SUPPLIED INFORMATION:

►

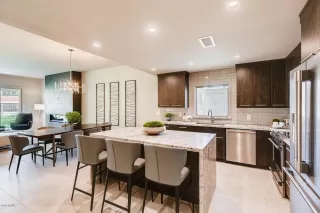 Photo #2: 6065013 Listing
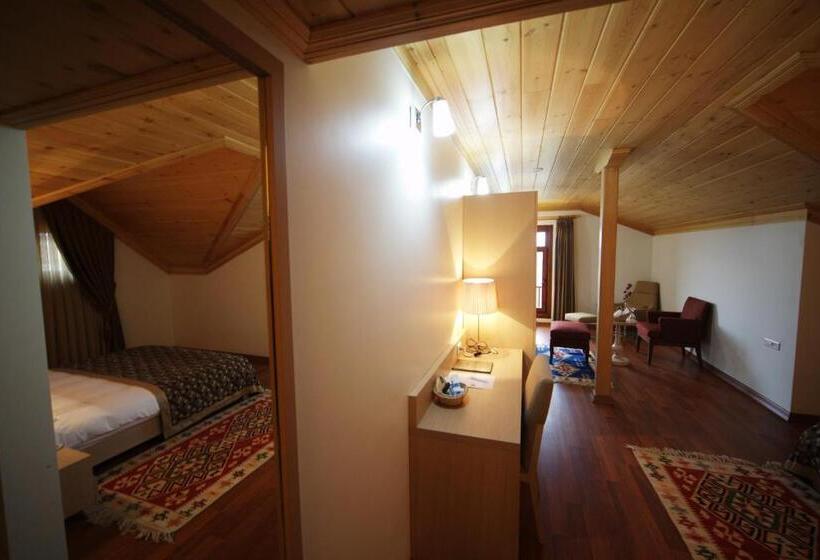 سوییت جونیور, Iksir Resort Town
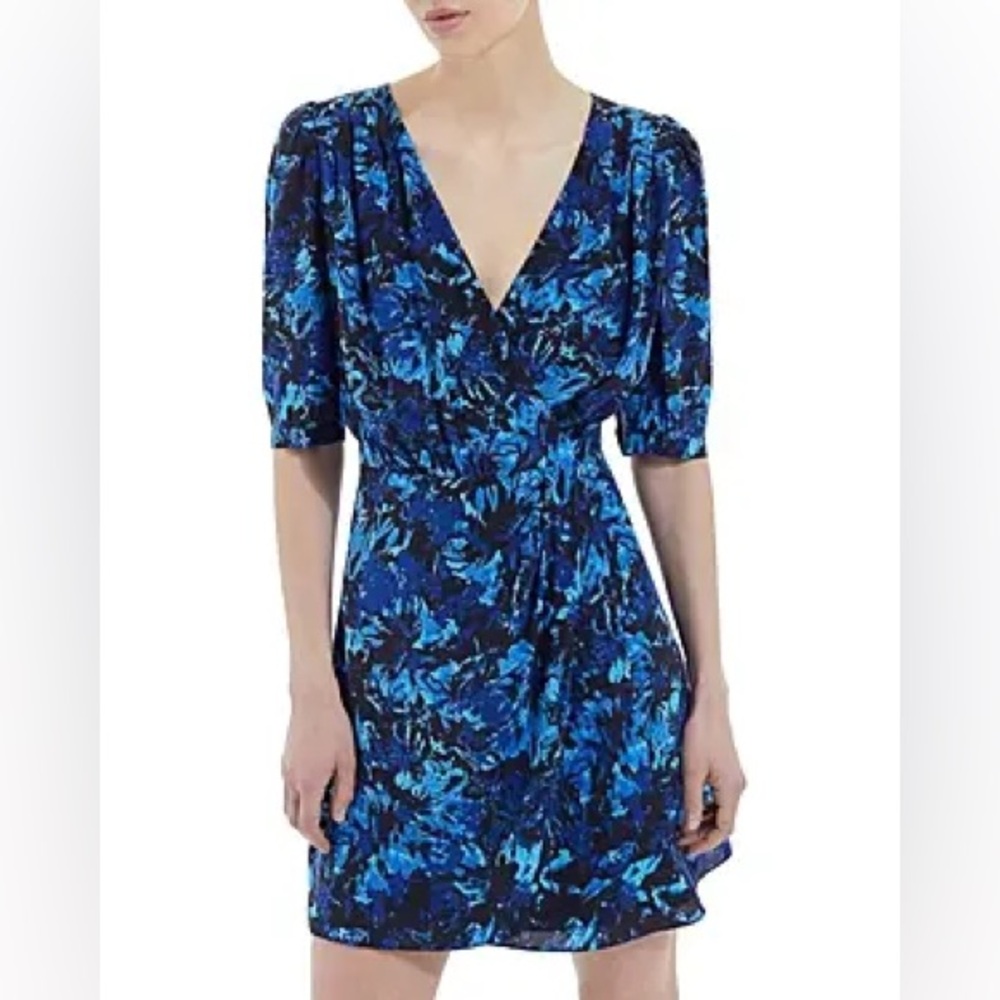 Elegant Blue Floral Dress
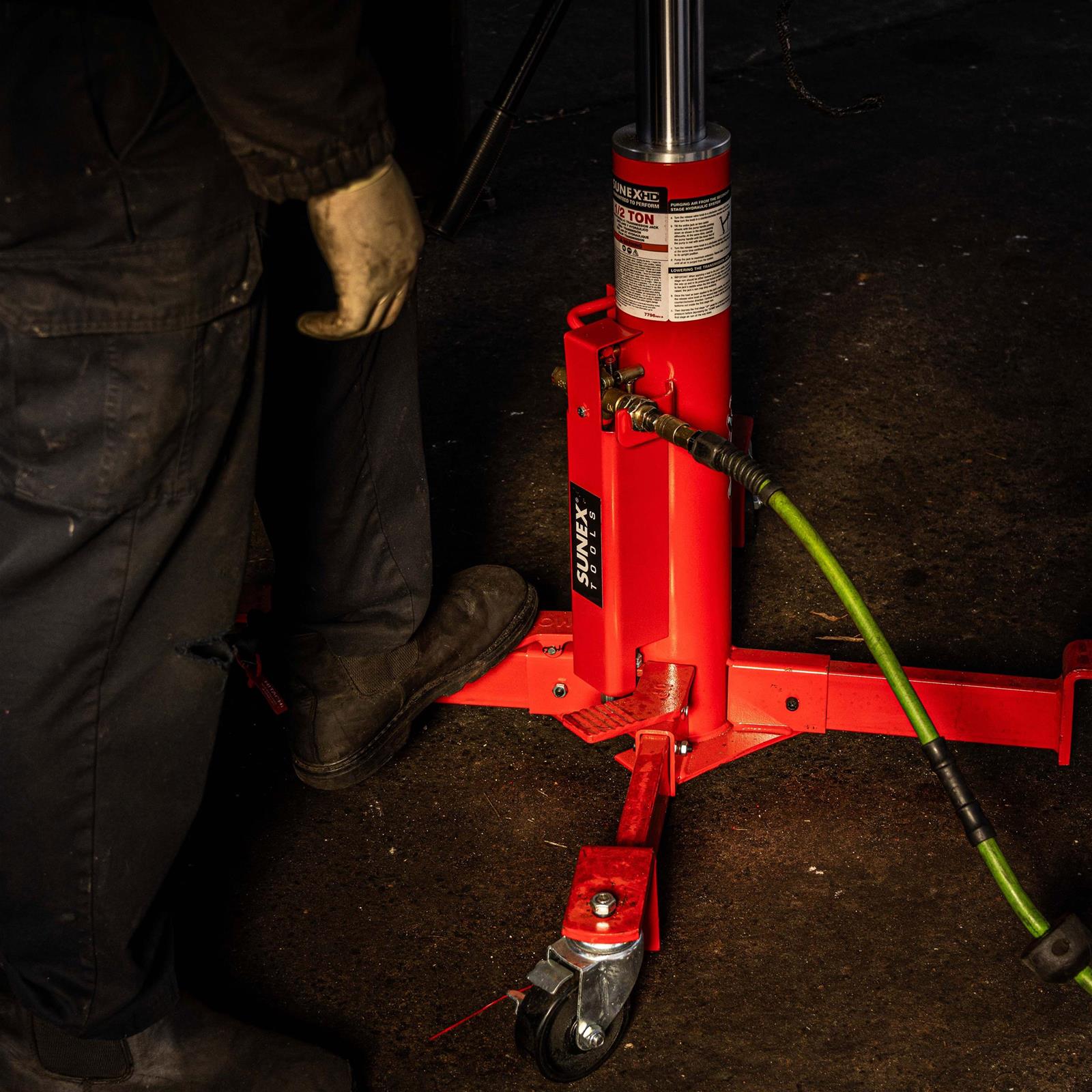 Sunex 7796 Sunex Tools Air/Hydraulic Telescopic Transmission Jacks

◄

Your task is to retype exactly, and only, the lines from the one that holds "Elegant Blue Floral Dress" through the end of the listing, both end lines included, without any pictures.

TASK RESULT:
 Elegant Blue Floral Dress
 Sunex 7796 Sunex Tools Air/Hydraulic Telescopic Transmission Jacks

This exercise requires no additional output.